Her words moved like ritual, worn smooth by repetition.

"Forgive us, son. What happens next is yours alone to decide."

He nodded once.

Left.

Heat outside felt alive.

Dust bit at his tongue as he ran east.

Fen Well—twenty‑five kilometers.

Maybe less.

Maybe last.

Thoughts darted like flies around fever.

If I were him, I'd go there.

Or to food stalls.

What if he went wrong way?

Still, I'll check Fen first.

He ran faster.

Fields turned gray, earth breaking apart like burned paper.

The smell reached him before sight—sweet rot and iron.

Then noise.

Wet chewing.

Hissing shuffle.

Gornets.

Dozens.

Dog‑small bodies, black hide slick with blood.

Four legs.

Seven tails.

Three heads sharing one throat.

Each gnawed at corpses floating in heat.

He slowed.

"They're too weak to kill so many," he whispered.

"Something else did."

Shops on the roadside half‑collapsed.

Signs scorched.

He called through the nearest doorway.

"Sir? What happened here?"

An old man leaned out, half face hidden in shadow.

"Mr. Jerry. His daughter."

Names hit harder than wind.

Breath broke sharp.

He walked.

Then ran.

Ground dry under his steps.

Every sound buried quick.

Then he saw it—familiar shape lying by the road.

Human.

Unmoving.

He already knew.

He ran.

The Gornets looked up.

Three faces pulling off flesh.

Teeth slick.

Eyes red.

Ribs visible between motions.

He kicked one.

It flew sideways, cracked mid‑spin.

Others scattered, tails dragging slime trails.

What remained wasn't a man anymore.

Hollowed ribs.

Face melted into unrecognizable pattern.

Only his boots and their position remembered him.

Aralan knelt.

Mouth opened.

Closed.

Opened again.

No sound came.

Tears did.

Two thin lines cutting through dust crusted on skin.

He stood and stumbled backward.

"Can't," he whispered.

"Can't stay."

Mount Wellin flashed in his memory—a cliff cutting horizon.

Escape point.

End point.

He ran.

Each step throbbed in sync with heart's confusion.

I accepted weakness—thought peace made it smaller.

It didn't.

Acceptance was useless.

Happiness—just another lie to choke on.

Now rage moved instead—clean, precise, needed.

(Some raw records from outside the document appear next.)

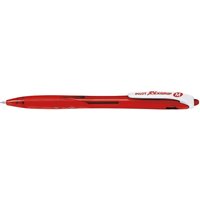 BeGreen Rexgrip Kugelschreiber rot M – Ansicht 1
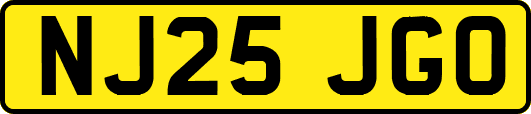 NJ25JGO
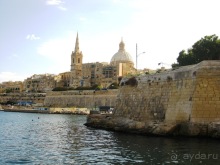 Мальта и мальтит* (БОЛЬШАЯ ГАВАНЬ)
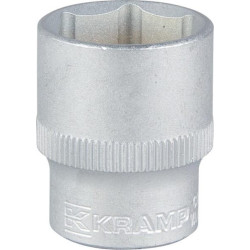 Douille 3/8" - 18mm UNIVERSEL 18060100180KR
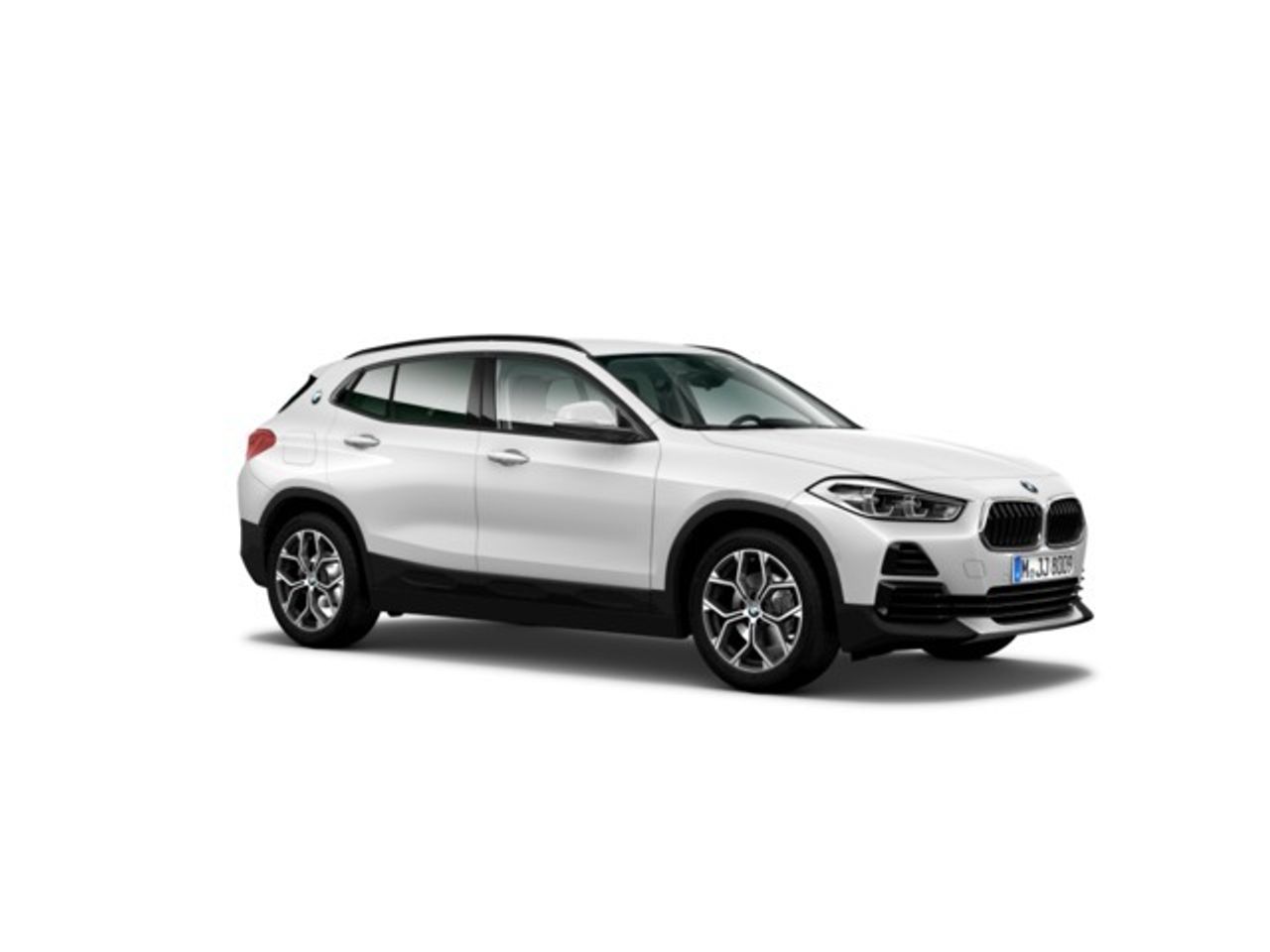 Foto BMW X2 4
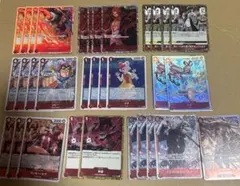 サイキックPR全5種 各1枚set カツドン ブータン 五郎丸 ニケ ロビー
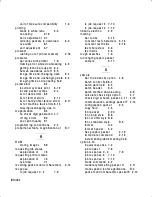 Preview for 208 page of Paxar Monarch 9416 XL Reference Manual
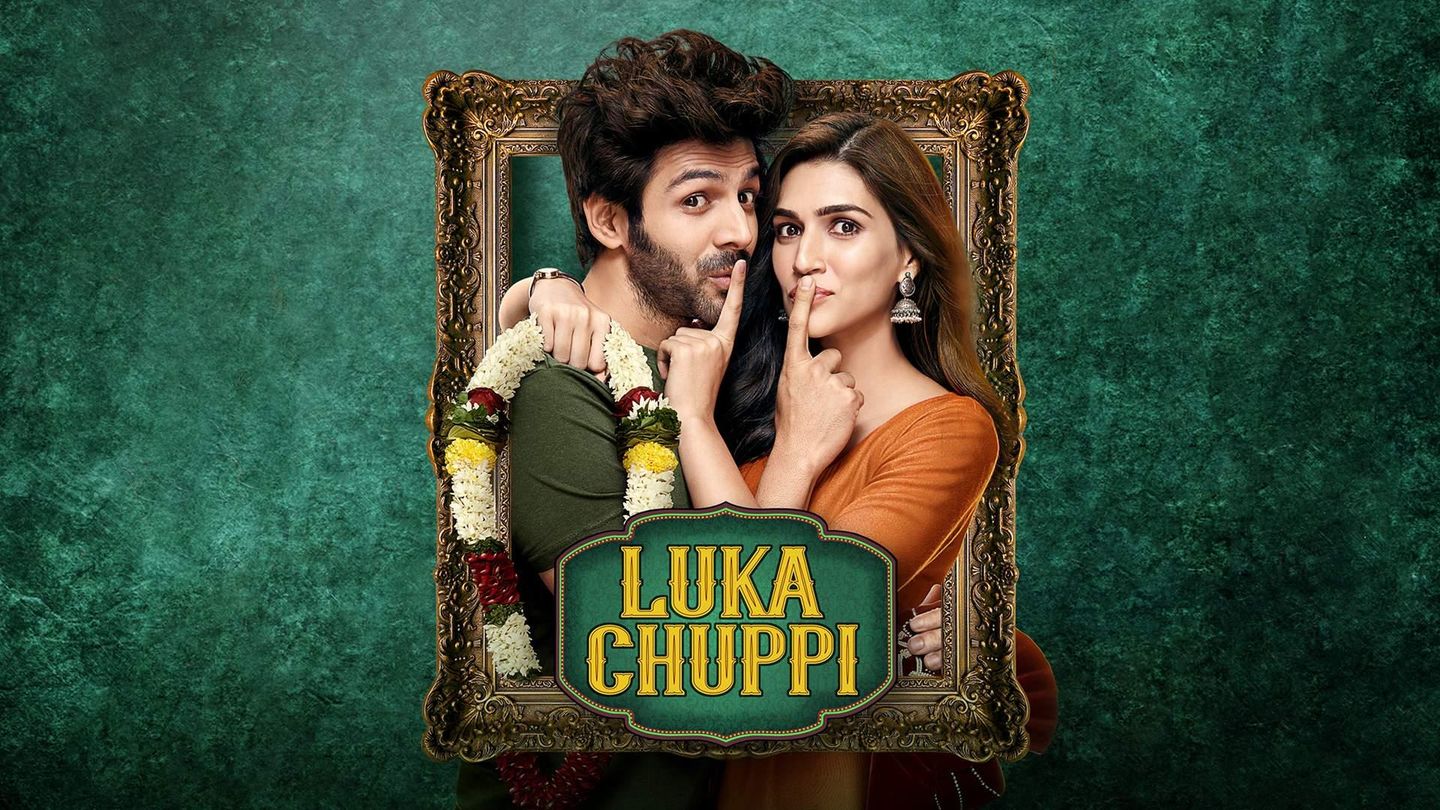 Luka Chuppi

Forty‑nine minutes later, mountain shadow swallowed him.

Light dimmed.

Each breath a scrape.

He slowed.

Foot struck metal.

Clink.

He looked down.

A device half‑buried in sand, glinting cold under dusk.

Whistle‑shaped.

Heavy.

Letters along its edge.

He wiped dirt with sleeve.

"Malric," he murmured.

"Some rich fool's gadget."

He turned it in his hand.

Engraving deep.

Polish unbroken.

Weight wrong for its size.

Curiosity replaced despair for one fragile second.

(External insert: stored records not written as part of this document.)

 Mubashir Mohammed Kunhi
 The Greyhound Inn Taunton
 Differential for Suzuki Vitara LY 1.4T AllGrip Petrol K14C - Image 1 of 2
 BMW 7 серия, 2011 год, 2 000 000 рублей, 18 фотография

"If it's valuable, I'll sell it.

Maybe buy bread.

Maybe bombs."

He pressed the small ridge button.

Air shrieked.

Light tore forward, pure white—a beam thinner than a scream.

It vanished toward horizon.

Then the skyline erupted.

A bloom devoured distance—three times brighter than sun, wider than mansions.

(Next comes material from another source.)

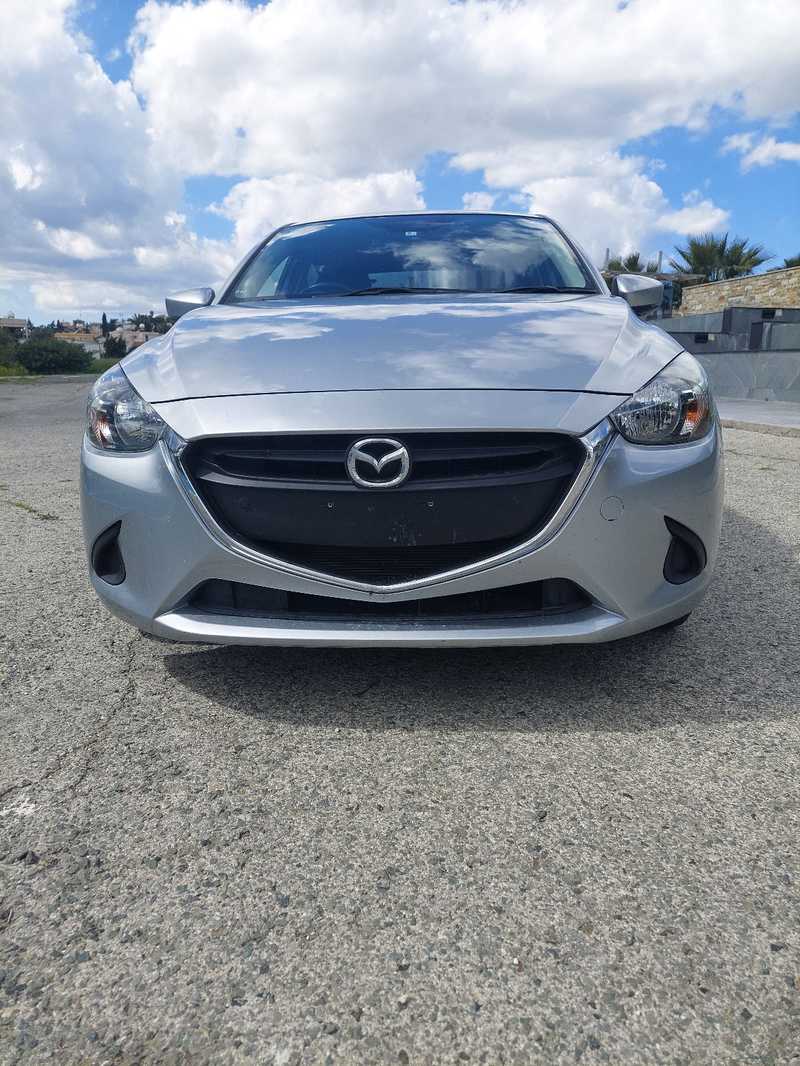2020 Mazda Demio 1,5L 2020 Cyprus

Roar followed late, pressure kissing his skin without push or heat.

Stillness re‑formed afterward, too big for his lungs.

He didn't move.

"No recoil," he whispered.

"No heat."

The thing remained cold in his palm.

"Not a gun," he said.

"Something worse."

Smile cut briefly across his face.

Not joy—just meaning newly born.

"Whatever this is," he said, echo hollow, "it's mine now."

He turned toward the west.

Toward the shadowed estate hidden behind haze.

Dust lines trembled under the faint wind.

"I'm coming," he said softly.

"For you.

And your house.

And everything you built on us."

Wind answered with low rustle.

Sand curled around his feet like kneeling shadows.

The boy who had buried his voice beside a corpse no longer moved like one.

He walked through heat dropping into night.

Devil's mansion waited beyond the flat horizon.

His silhouette followed the glow still burning out there—light born of a button, promise forged in a single push.

Night spread across Arinthal.

Fires from distance clung to the ground like stars that forgot where sky used to be.

Each flicker cast shape against the ash road.

And a six‑year‑old boy carrying loss heavier than memory kept walking

into a darkness that finally looked like home.